Wednesday, January 18, 2006

What defines industrial art is not its mechanical reproduction but its internalized relation to money

For the film Weeping Meadow, Theo Angelopolous built a village only to drown it. The word "village" doesn't quite evoke the immense labor that's everywhere evident in WM: the hand-made bricks, the terra-cotta tiled roofs, the two-story manse at the heart of the village--- the whole sweep of the thing, more than two dozen hand-hewn houses on a vast river-plain.

Every film of course shows evidence of its production costs. What is of interest here is the film-within-the-film that works as an allegory of film's relation to money.

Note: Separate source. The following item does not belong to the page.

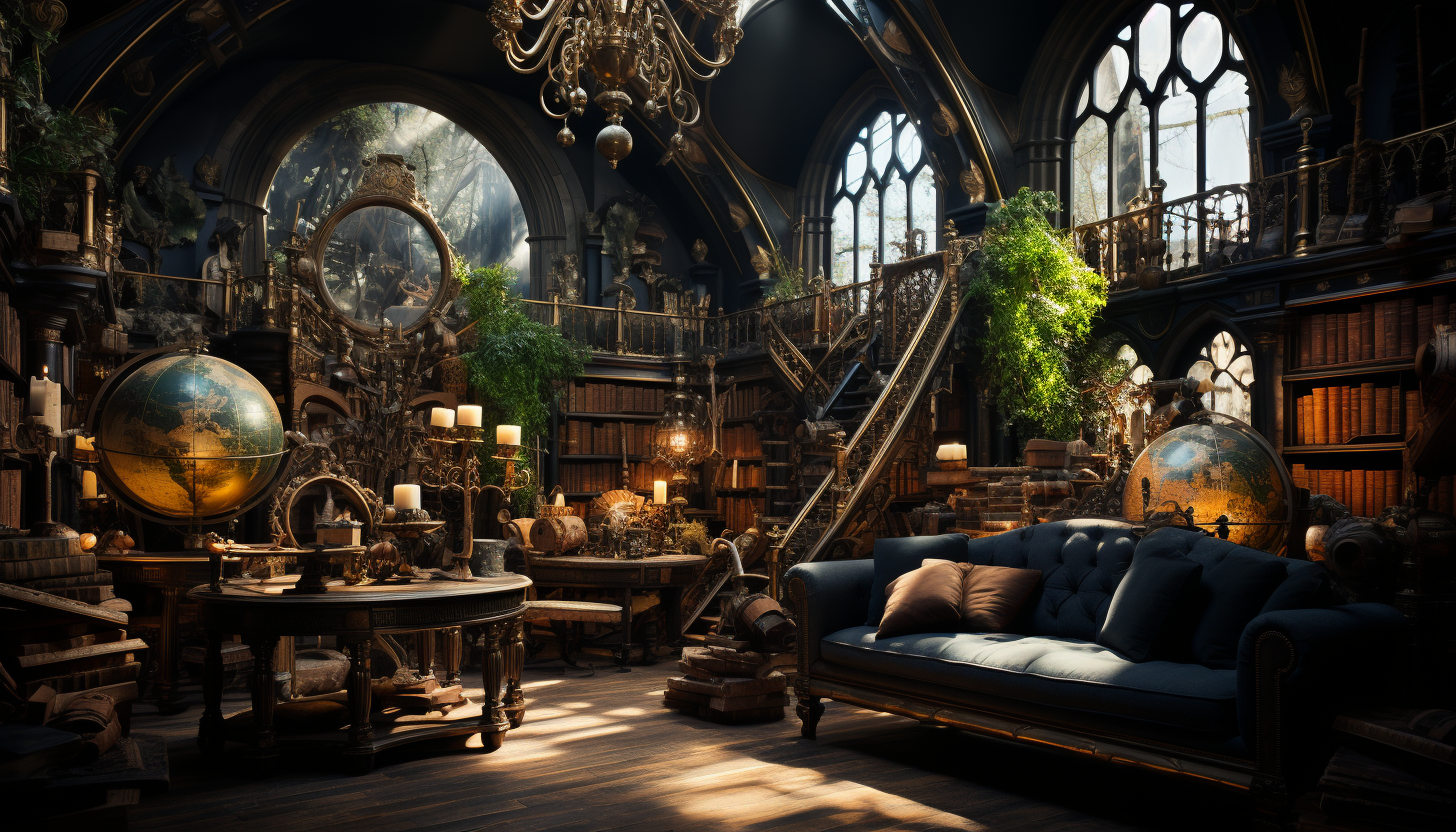 Ancient library filled with towering bookshelves, secret passages, antique globes, and a large, ornate window casting sunlight on the dusty tomes.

In Welles's Lady from Shanghai, a picnic becomes a film-within-a-film; the three pleasure-cruising characters (the yacht-owner, his wife, and Welles's character, the captain) decide to go ashore for a nighttime picnic. There is shot after shot of local laborers paddling canoes, laying in supplies for the night's party. In the dissymetry between the many laborers and the few picnickers, in the vast quantity of things brought ashore, and all for a few hours' celebration, that picnic is about the industrial production of an entertainment, and the tremendous capital required.

The village in Weeping Meadow is flooded; the villagers flee. (In "artfully aged boats," as my friend E noted, boats whose oars bob uselessly while an underwater tow-rope, the filmmaker's special effect, thinks E, makes the whole flotilla proceed at a uniform, stately, lugubrious pace appropriate to the great sorrows of that troubled nation, Greece.) As they come ashore and build a fire and chant and pray and wave Greek Orthodox icons, the villagers are a perfect mirror-image to the pleasure-banquet of Lady from Shanghai. The bonfire of the refugee villagers, like the banquet, is a kind of film-within-the-film whose every shot evinces "the old curse which undermines the cinema: time is money."

That quotation is from Deleuze, in Cinema 2 (as is the title for this entry). The hinge between the movement-image of Cinema 1 and the time-image of Cinema 2 is money. Deleuze comments on cinema's "curse" just once, to dispense with it right away. Money, says Deleuze, makes its appearance in the film at the moment cinema reflects on its own death; instead of dying, though, cinema's internal relation to money sets up a rising, spinning, ceaseless and dissymmetrical exchange which is foundational for the time-image:

This is the old curse which undermines the cinema: time is money. If it is true that movement maintains a set of exchanges or an equivalence, a symmetry as an invariant, time is by nature the conspiracy of unequal exchange or the impossibility of an equivalence. It is in this sense that it is money; in Marx's formulations, C-M-C is that of equivalence, but M-C-M is that of impossible equivalence or tricked, dissymmetrical exchange... In short, the cinema confronts its internal presupposition, money, and the movement-image makes way for the time-image in one and the same operation... The film is movement, but the film-within-the-film is money, is time.
--[Cinema 2, emphasis original, ellipses mine]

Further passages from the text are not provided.